» Aim of the task
Only the images are to be dropped; the records themselves must be repeated exactly.

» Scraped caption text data
──────────────────────────────

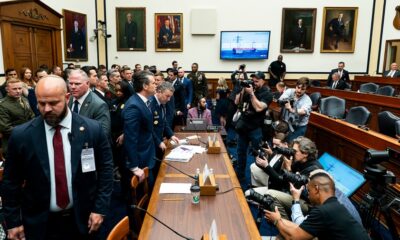 House NDAA draft would limit Trump’s troop cuts, battleship plans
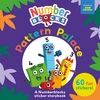 KNYGA Cherry Pattern Palace: A Numberblocks Sticker Storybook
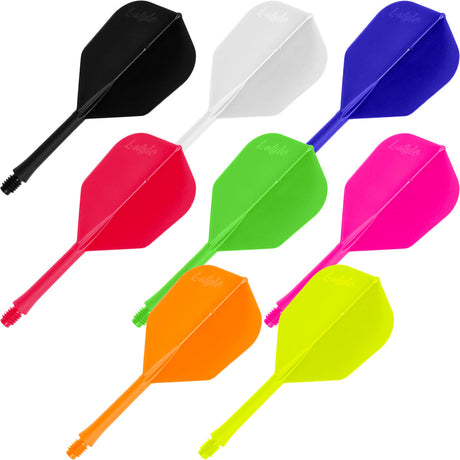 L-Style BarFlight Integrated Flights & Shafts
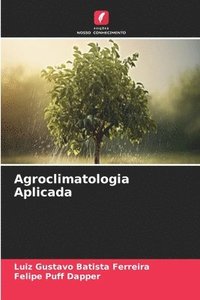 bokomslag Agroclimatologia Aplicada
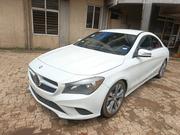 Mercedes-Benz CLA-Class 2014 White for sale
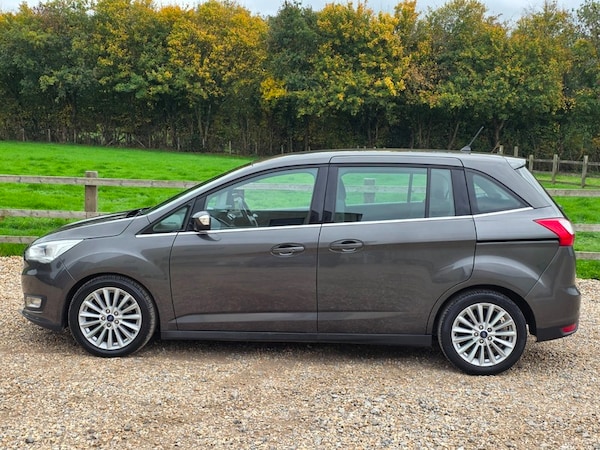 Used Ford C-Max 2018 for sale - 76267562: Photo 2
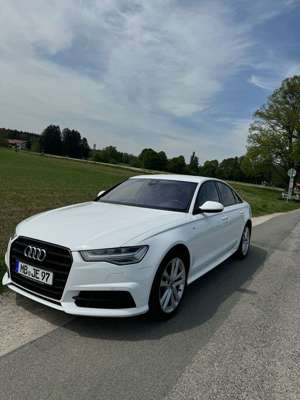 Audi A4 2.0 TDI S Line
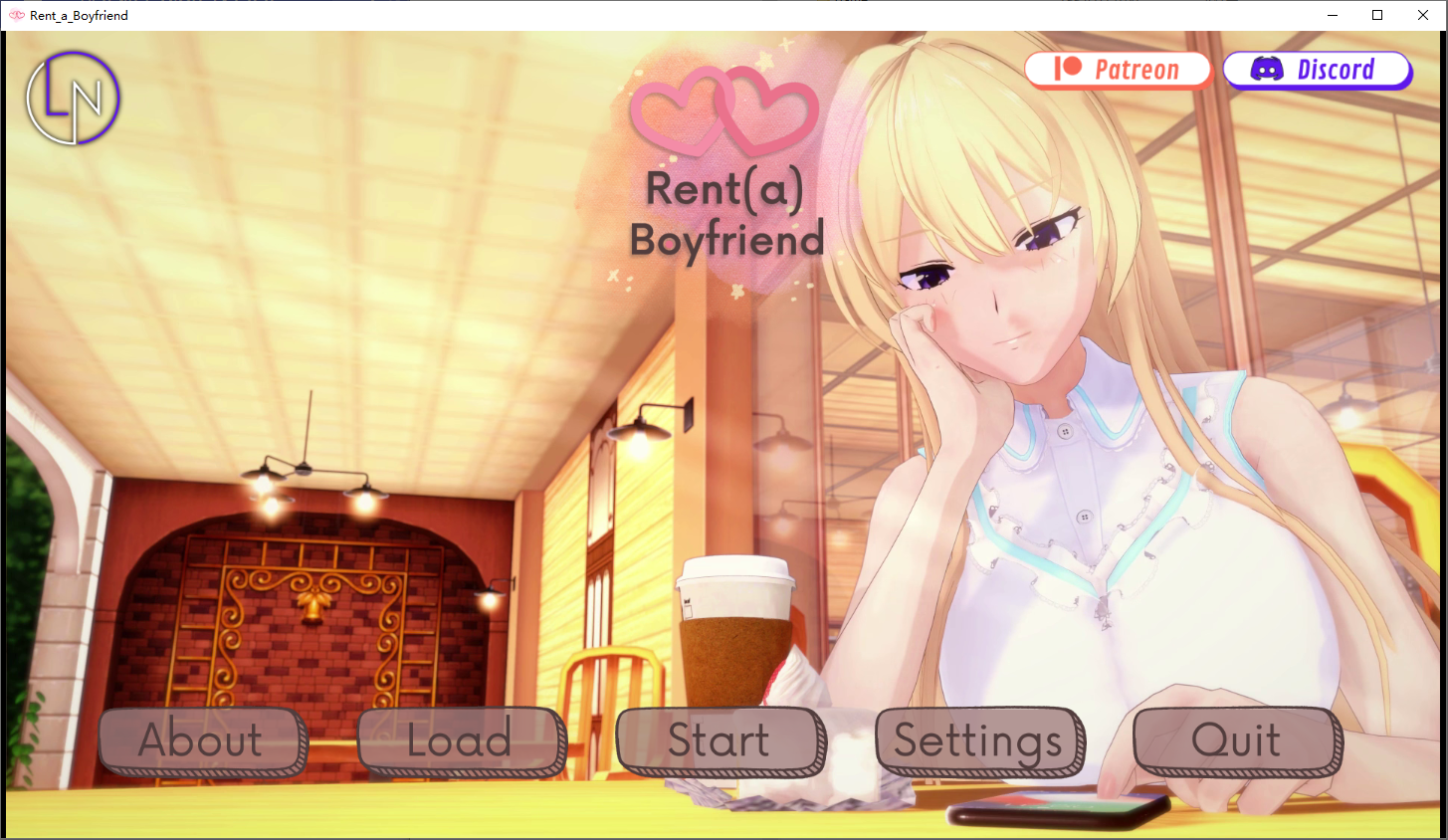 [RPG/汉化] 租一个男友 Rent(a)Boyfriend v0.1.3 PC+安卓汉化版 [多空/1.6G/微云直接]-第1张-游戏-次元小屋-ACG交流分享论坛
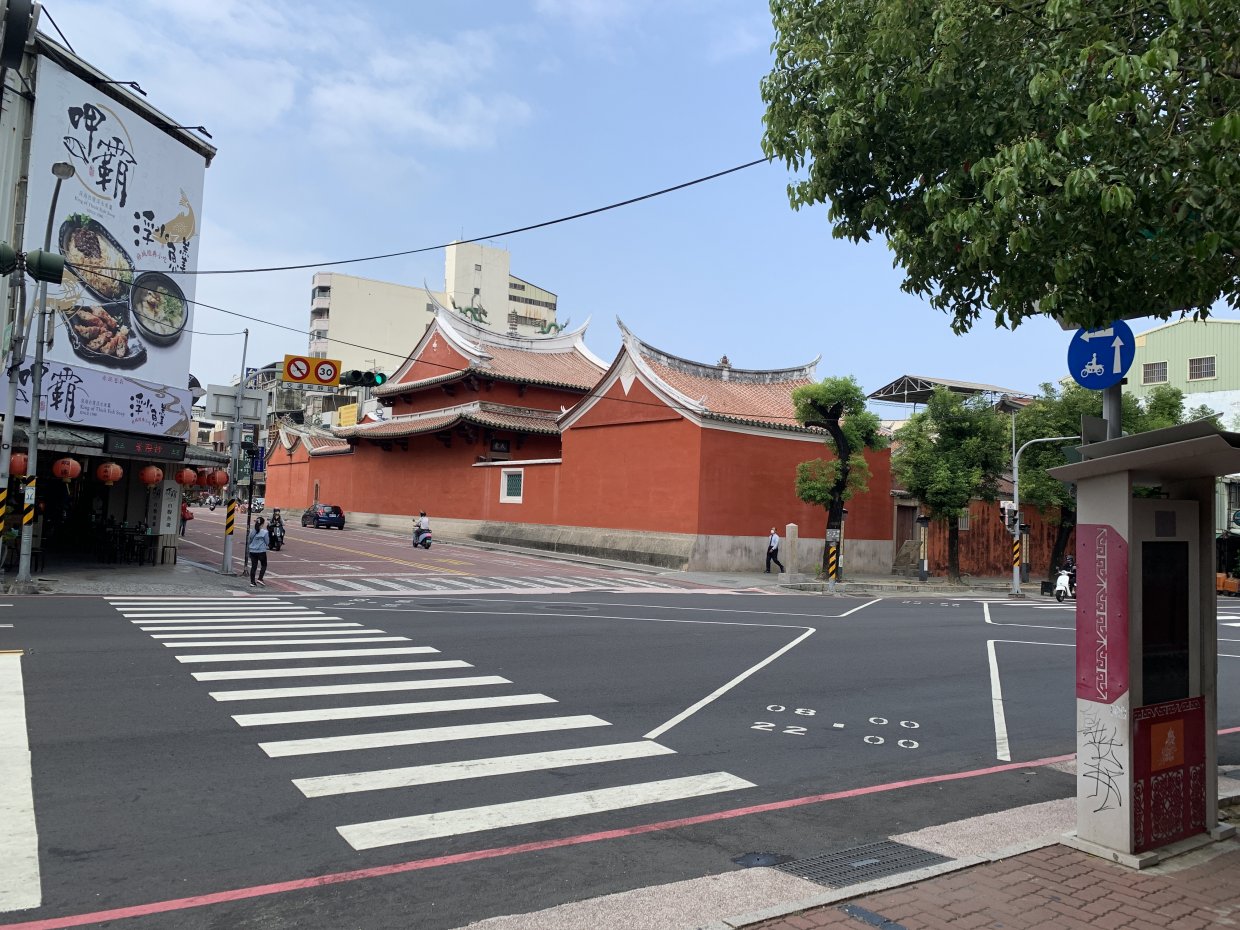 風靡櫻花妹的台南月老廟!台南4大月老廟求姻緣參拜路線攻略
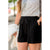 Lightweight Drawstring Shorts - Betsey's Boutique Shop - Shorts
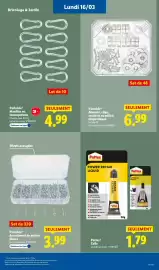 Catalogue Lidl page 13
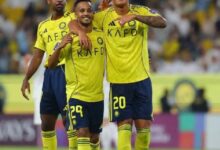 عبدالرحمن غريب لاعب النصر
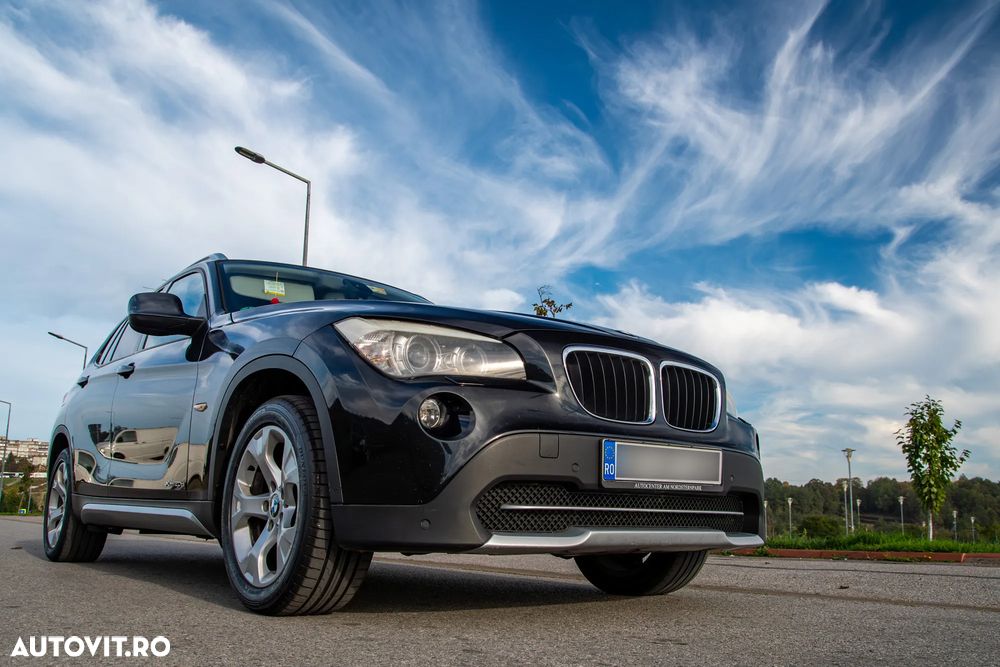 BMW X1 xDrive20d - 3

──────────────────────────────

» Solution
 House NDAA draft would limit Trump’s troop cuts, battleship plans
 KNYGA Cherry Pattern Palace: A Numberblocks Sticker Storybook
 L-Style BarFlight Integrated Flights & Shafts
 bokomslag Agroclimatologia Aplicada
 Mercedes-Benz CLA-Class 2014 White for sale
 Used Ford C-Max 2018 for sale - 76267562: Photo 2
 Audi A4 2.0 TDI S Line
 [RPG/汉化] 租一个男友 Rent(a)Boyfriend v0.1.3 PC+安卓汉化版 [多空/1.6G/微云直接]-第1张-游戏-次元小屋-ACG交流分享论坛
 風靡櫻花妹的台南月老廟!台南4大月老廟求姻緣參拜路線攻略
 Lightweight Drawstring Shorts - Betsey's Boutique Shop - Shorts
 Catalogue Lidl page 13
 عبدالرحمن غريب لاعب النصر
 BMW X1 xDrive20d - 3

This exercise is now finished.